This project will primarily be based at The University of Manchester.
The performance of nuclear power plants, including Pressurized Water Reactors (PWRs) can be affected by the formation of corrosion deposit. This loosely adherent corrosion products, is called CRUD from the acronym of Chalk River Unidentified Deposit where it was first observed; CRUD plays a key role in determining the out-of-core or shutdown radiation ﬁeld, but they are also responsible for localized deposition on the steam generator tubing of pressurized water reactors (PWRs) nuclear power plants, reduces the heat transfer and hydrodynamic efficiency of the steam generators.
In the present project, the effects of the hydrodynamic conditions and temperature on the deposition of corrosion products on the structural materials will be investigated in simulated PWR primary water. This topic has been the focus of extensive research in recent years as part of ongoing collaboration between the University of Manchester and Rolls-Royce [e.g. see ref. 1 and 2]. To date, micro-fluidic experiments were employed to study the CRUD related phenomena. The current scientific understanding of the underpinning phenomena affecting CRUD transport within the primary circuit, and the proposed deposition mechanisms, will be extended to conditions more representative of those likely to be encountered in a power plant. Specifically, in the present project, a bespoke experimental facility that allows testing of experimental conditions closer to those experienced in real plants will be used.
The present research will explore the implementation of a large scale hydraulic experimental setup and inform mechanistic understanding of the interaction between the dynamic flow of the reactor coolant (high temperature, alkaline, hydrogenated water) and the structural alloys. The overall aim of the project is to generate experimental data to enhance the mechanistic understanding of deposition processes and to support the validation of a model with predictive capability for plant design, as well as materials and chemistry selection.

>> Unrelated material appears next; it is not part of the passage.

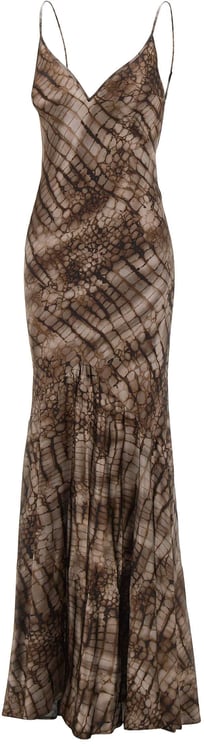 Elisabetta Franchi Dresses Brown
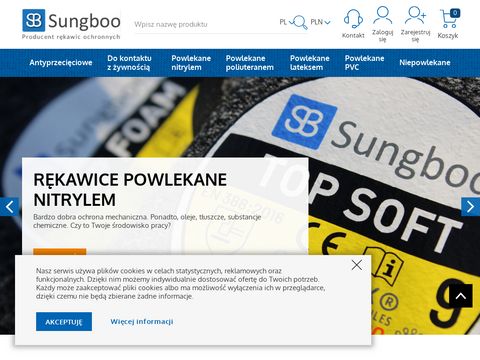Sungboo.pl producent rękawic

The research activity will benefit from the consolidated interaction between the supervisory team at UoM and Rolls-Royce staff. The experimental work will be performed in simulated reactor coolant using the Royce Institute suite for research on high-temperature high-pressure flow systems; such facilities have been specifically designed for advanced testing in simulated reactor coolant. The materials will be characterized using advanced analytical techniques available in the Electron Microscopy Centre.